Nanodiamonds or Ultra Dispersed
Diamonds (UDD) or Ultra-Nano-Crystalline Diamonds (UNCD) belong to the carbon
nanomaterials, which, along with graphene, fullerene and nanotubes, have
attracted great interest in recent years due to their unique physical and
chemical properties. Nanodiamond is a carbon nano-crystallite with a cubic
diamond structure and a size of less than 100 nm.

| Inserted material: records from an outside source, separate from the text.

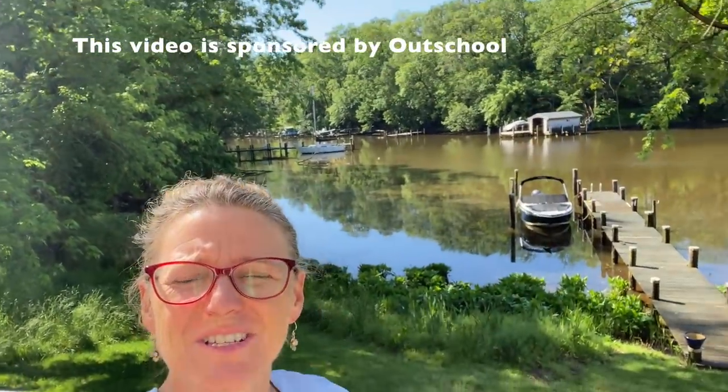Good morning everybody and welcome to our beautiful Saturday! It is gorgeous outside today, the sun is shining, the birds are tweeting. Mike and I are going to go for a boat ride — a boat ride we've been planning for about a year — so I'm pretty excited about that. But not until I finish my wine rack, which is also a project I've been wanting to do longer than the boat ride.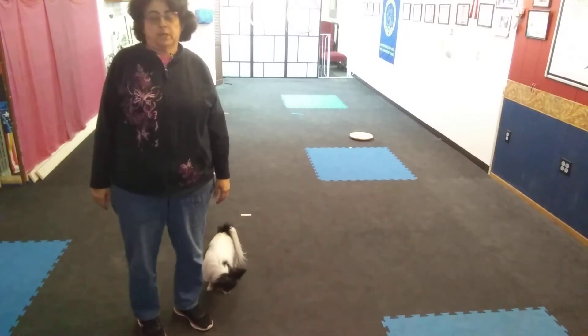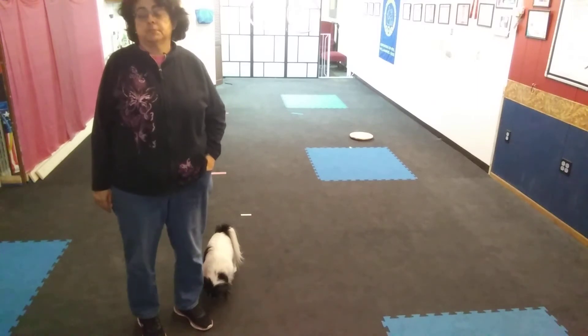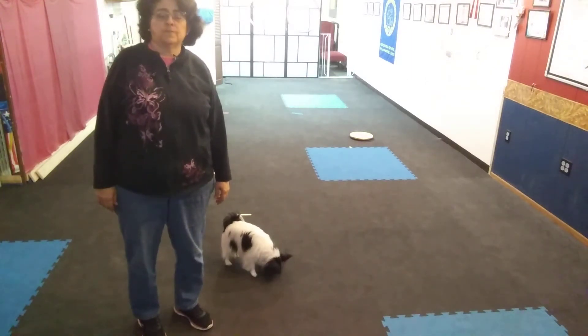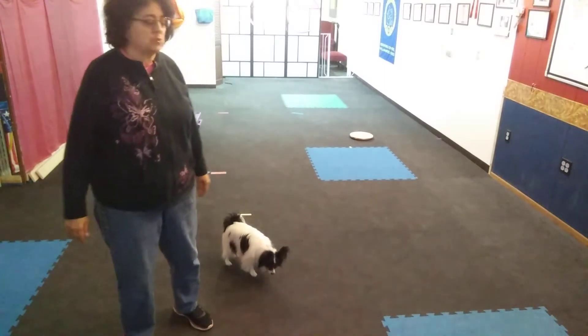Let me demonstrate what I would do with Glinda. Always reward your dog when they place themselves on either the target disc or the platform. Always go up to the dog — don't ask the dog to come off. Motion them to come off, so the word 'off' should not be used verbally. Let's try with Glinda.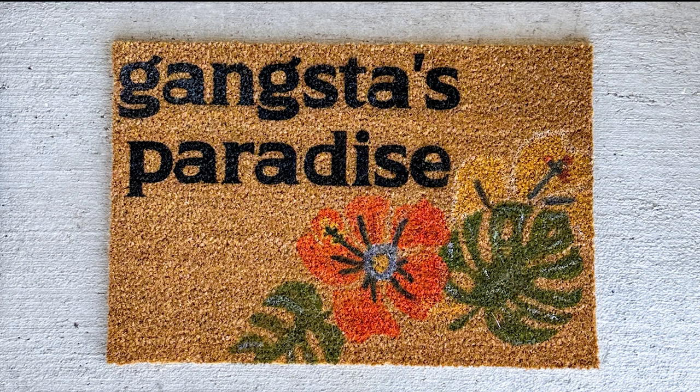Hey friends, so a couple of weeks ago I made this cute doormat for our front porch and some of my planner friends asked for a tutorial on how to do that. Since I'm making another doormat for another friend, I figured that I would take you along through the process and show you how to make these.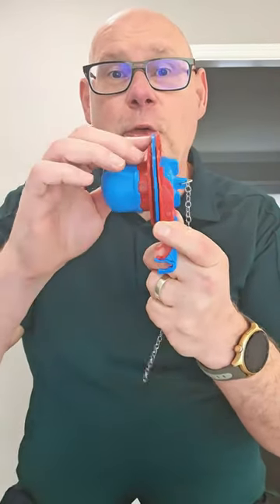Pretty easy, right? Now that you know what you've got — for a two inch seal, just remove the blue seal and install. For a three inch seal, remove the red seal and install. It's that easy.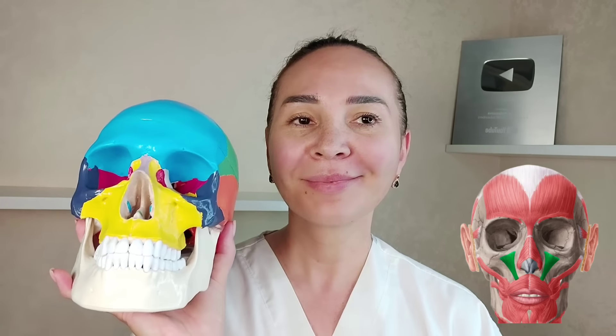Here we have a maxillary fossa underneath the eye socket. As we age, because of bone resorption, this fossa enlarges and falls inward. This is where the muscle that lifts the upper lip is attached. This muscle falls inward together with the maxillary fossa and pulls the nasolabial fold. Therefore we need to work with this area.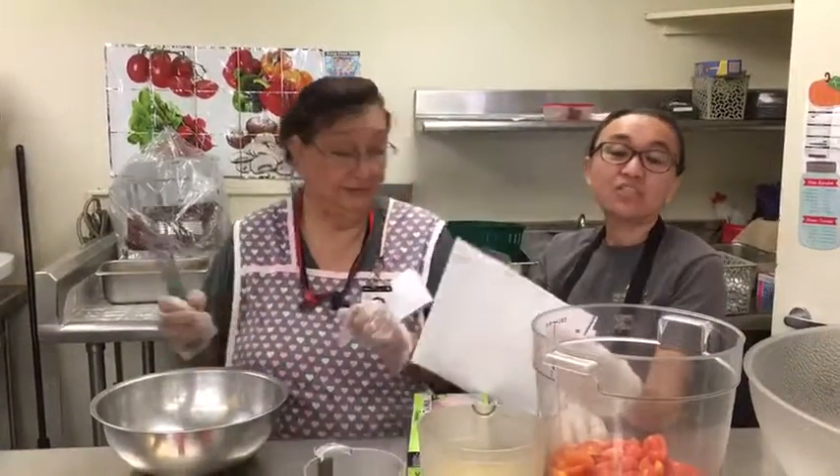Hello, this is Rio Mesa. Hi, and we are making the Salad of the Month, which is called Harvest Tomato and Corn.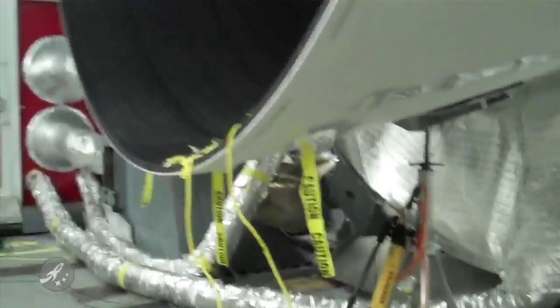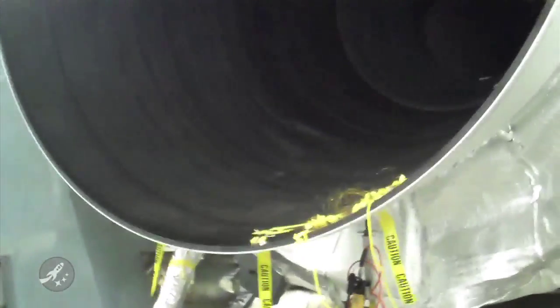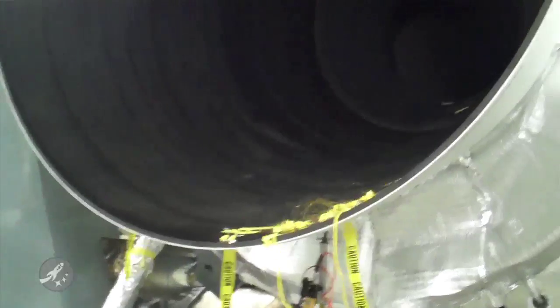It's got all these tubes sticking in and out of it. It's got caution signs everywhere. It's got instrumentation to report data strapped all around it. It is just a very impressive looking piece of equipment and I'm sure tomorrow it's going to give us one heck of a show.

Two types of nanodiamonds produced in commercial
scale are available today in the market: detonation nanodiamonds (DND) having
an average size of 4-5 nm and nanodiamonds obtained by crashing of
microdiamonds produced by high pressure high temperature (HPHT) having an
average size of more than 30 nm.
Each ND particle has cubic diamond lattice when
each carbon atom is bonded covalently with four other carbon atoms inside the
crystalline (Fig. 1), while surface atoms, in contrast to internal ones, have
less than four neighbor atoms; unpaired electrons provide bonding with diverse
functional groups on crystalline surface or form non-diamond bonds with
neighbor surface atoms.
In small
(4-5 nm) ND crystallites, unlike big once, around 15-18 % of carbon atoms are
located on the surface, have unpaired electrons responsible for a high and
variable chemical activity of crystallites surface. Controlling the surface
chemistry of nanodiamonds defines the possibility to provide their desired
interaction with molecules of other materials and objects.